The Problem of Outside Powers
The country with the most at stake in Korea is China. Pyongyang isn’t as useful an ally to Beijing as it once was, and China would benefit from being able to expand its infrastructure and business networks across the peninsula, uninterrupted by the DMZ. More important, it may be able to stomach reunification if it meant an end to the U.S.-South Korea alliance.
Nonetheless, it prefers to have a weak and somewhat dependent neighbor over a larger, more powerful one, and the North’s survival as an independent state – with a substantial military and regime hostile to the U.S. and South Korea – remains important to protect China’s periphery. Beijing certainly cannot tolerate the unlikely but not wholly impossible scenario that unification returns U.S. forces to the Yalu River, and it would face a destabilizing flood of refugees if reunification spun out of control. Moreover, the North has proved useful in deflecting the United States’ attention and increasing U.S. dependence on China’s unmatched ability to manage Pyongyang. From this perspective, China wants to preserve North Korea exactly as it is. So regardless of how strange and unpredictable North Korea is, the Chinese will do what they can to prevent Korean reunification and maintain the current character of the regime.
Japan, meanwhile, benefits from the division of the Korean Peninsula to the extent that it keeps both the North and the South weak and focused largely on each other. Japan could also conceivably benefit from a strong, reunified Korea so long as the new state remained committed to the U.S.-led alliance structure, thus potentially serving as a substantial check on China.
What Japan cannot tolerate is a belligerent reunified Korean Peninsula that gets pulled firmly into China’s orbit, however unlikely this may be. Given its location offshore and its ability to threaten Korea’s export lanes, Japan would be a greater security threat to Korea than vice versa.

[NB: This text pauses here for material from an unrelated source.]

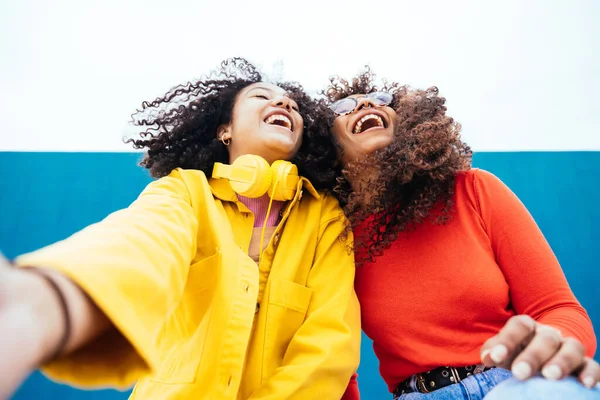 Молодые Счастливые Женщины Делают Селфи Смартфоном Подростки Веселятся Свежем Воздухе — стоковое фото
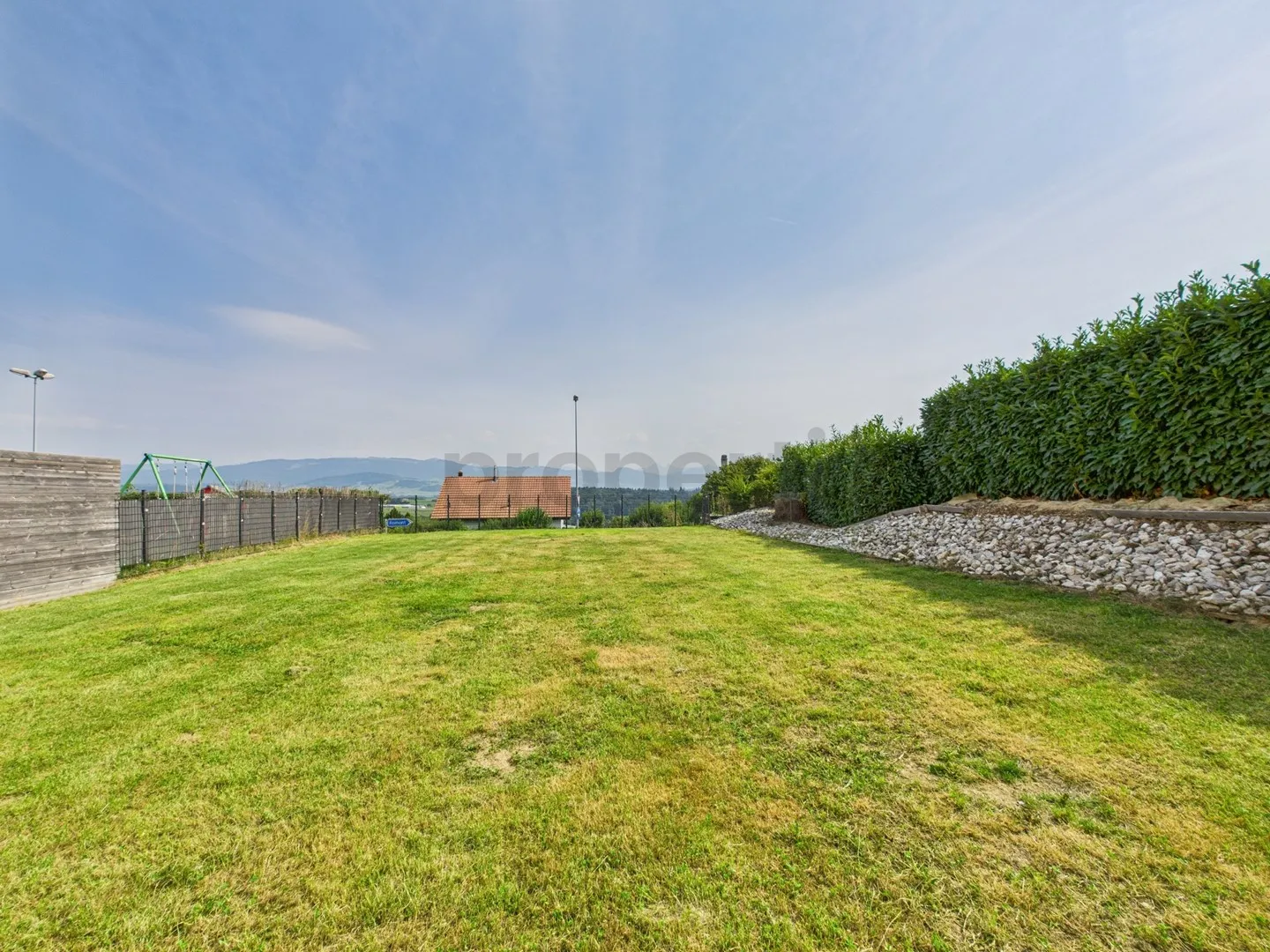 Charming Modern Family House in Neyruz - Photo 11 of 12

This, combined with Korean memories of centuries of Japanese imperialism on the peninsula, means Tokyo can’t be sure that a united Korea would be friendly. If the U.S. remains committed to a trilateral security architecture in Northeast Asia, however, it would likely deter Japan’s least-favored outcome. Japan won’t always be so ill-equipped to shape regional events in its favor. But now, it’s left hoping that the U.S. will shape them on its behalf.
The U.S. certainly could do so – and make any discussion of peaceful reunification moot – by launching a war against the North. Its foremost strategic imperative on the peninsula is to prevent the proliferation of nuclear weapons, so its support for reunification would depend first on whether denuclearization actually could be achieved. Beyond nonproliferation, the United States’ prime concern is maintaining a regional balance of power, and South Korea is an important check on Chinese power.
Given its position in Japan, the U.S. could tolerate a withdrawal of U.S. forces from the peninsula, so long as it didn’t put Seoul at risk. It could tolerate reunification, depending on its form: a strong and united Korea threatens the U.S. only if it has nukes and the ability to strike U.S. shores. But like Japan, the U.S. doesn’t want to risk a northern-dominated Korea that falls firmly into the Chinese orbit, even if a unified Korea strong enough to stand on its own makes this scenario somewhat unlikely.
Today, as historically, the fate of the Korean Peninsula is not only Seoul and Pyongyang’s to determine. None of the outside powers with a major interest in Korean affairs have an outright veto on reunification, but one could imagine many ways in which they could try to shape the process in their favor, if not try to thwart it outright if it moved in a direction that hurts their own interests. But then again, this is why the Koreas have an imperative to unite in the first place, however chaotic and destabilizing it may be to try.